[[ WORKING DATA, beginning ]]

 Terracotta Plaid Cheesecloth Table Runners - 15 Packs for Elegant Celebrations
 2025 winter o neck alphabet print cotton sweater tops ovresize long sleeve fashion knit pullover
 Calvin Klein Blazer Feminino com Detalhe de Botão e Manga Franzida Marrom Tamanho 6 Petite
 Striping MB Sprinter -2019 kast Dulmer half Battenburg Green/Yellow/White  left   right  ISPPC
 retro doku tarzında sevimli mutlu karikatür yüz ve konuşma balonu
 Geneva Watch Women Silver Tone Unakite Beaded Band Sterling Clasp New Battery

[[ WORKING DATA, end ]]
[[ WORKING DATA, beginning ]]

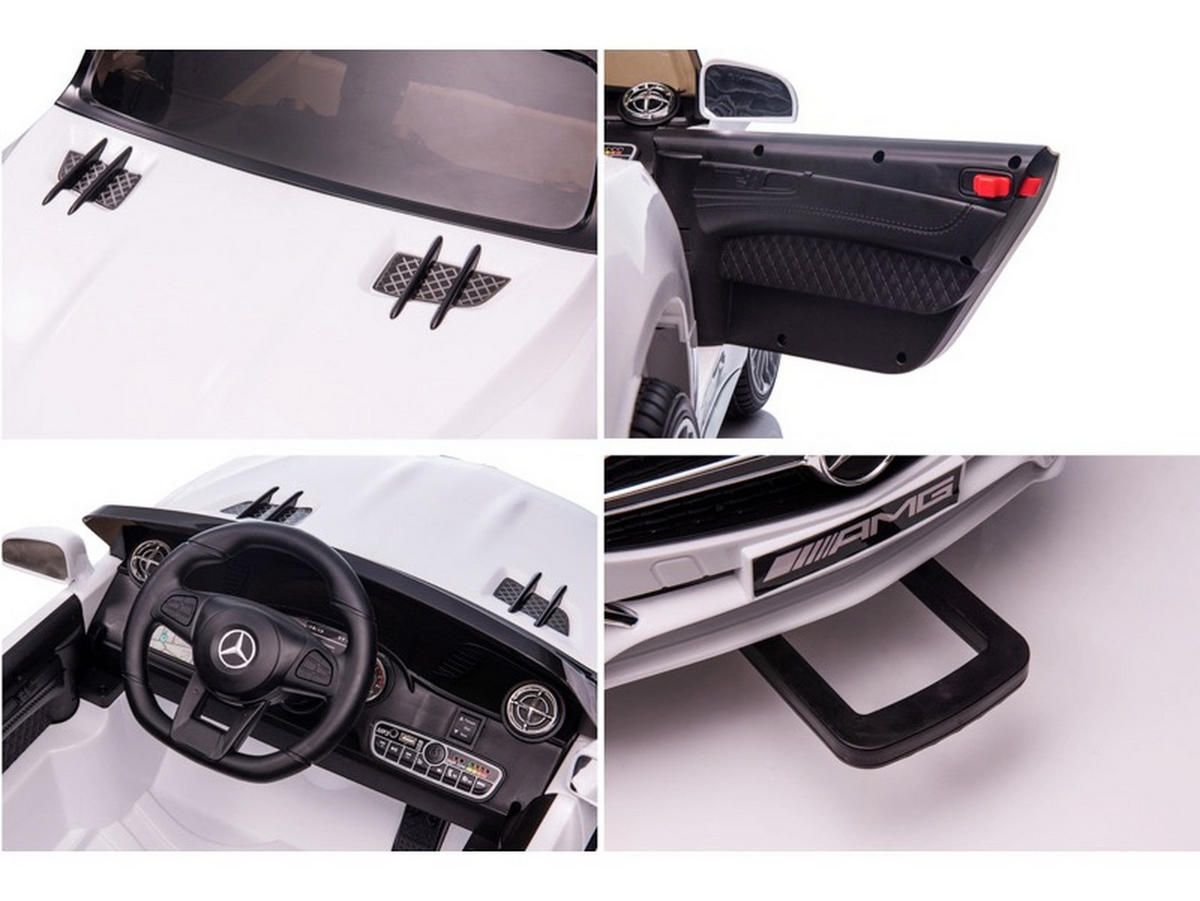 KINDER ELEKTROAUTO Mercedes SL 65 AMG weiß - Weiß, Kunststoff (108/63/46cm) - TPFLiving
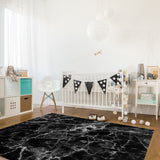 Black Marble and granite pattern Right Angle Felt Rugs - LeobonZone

[[ WORKING DATA, end ]]
[[ WORKING DATA, beginning ]]

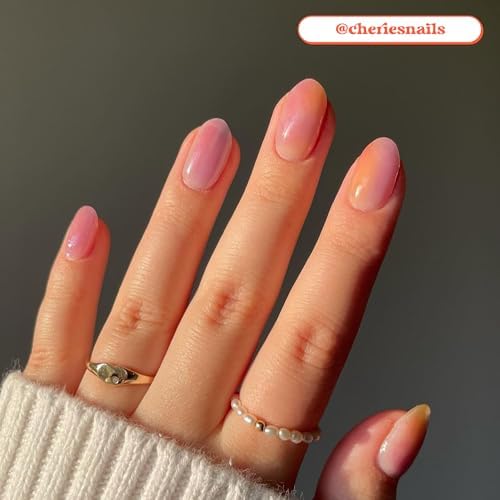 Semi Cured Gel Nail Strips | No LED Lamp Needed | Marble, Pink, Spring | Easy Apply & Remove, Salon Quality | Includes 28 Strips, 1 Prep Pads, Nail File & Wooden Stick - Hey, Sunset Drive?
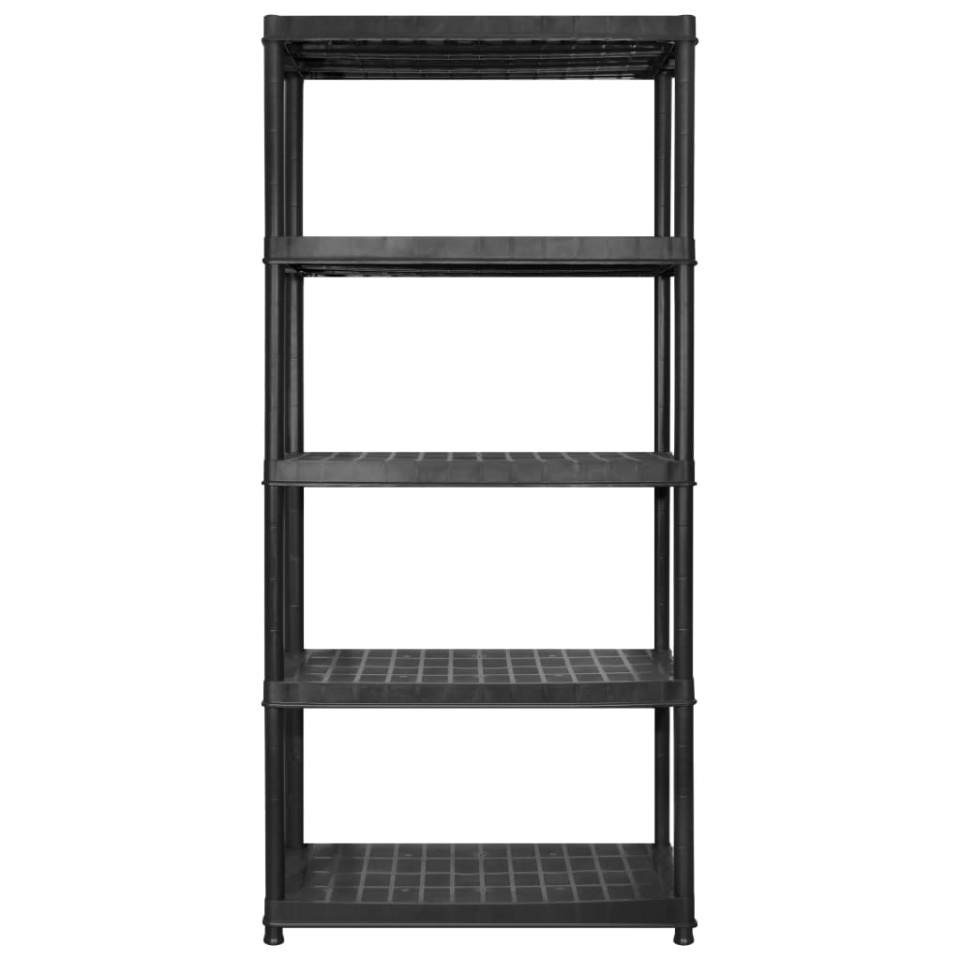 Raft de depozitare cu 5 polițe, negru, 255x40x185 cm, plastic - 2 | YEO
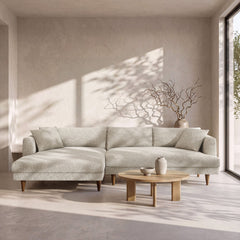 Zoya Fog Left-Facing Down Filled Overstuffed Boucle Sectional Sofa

[[ WORKING DATA, end ]]

*EXERCISE BRIEF*
Looking at the data above, return every line from the one with "Terracotta Plaid Cheesecloth" down to the one with "Geneva Watch Women", exactly and inclusively.

*EXERCISE ANSWER*
 Terracotta Plaid Cheesecloth Table Runners - 15 Packs for Elegant Celebrations
 2025 winter o neck alphabet print cotton sweater tops ovresize long sleeve fashion knit pullover
 Calvin Klein Blazer Feminino com Detalhe de Botão e Manga Franzida Marrom Tamanho 6 Petite
 Striping MB Sprinter -2019 kast Dulmer half Battenburg Green/Yellow/White  left   right  ISPPC
 retro doku tarzında sevimli mutlu karikatür yüz ve konuşma balonu
 Geneva Watch Women Silver Tone Unakite Beaded Band Sterling Clasp New Battery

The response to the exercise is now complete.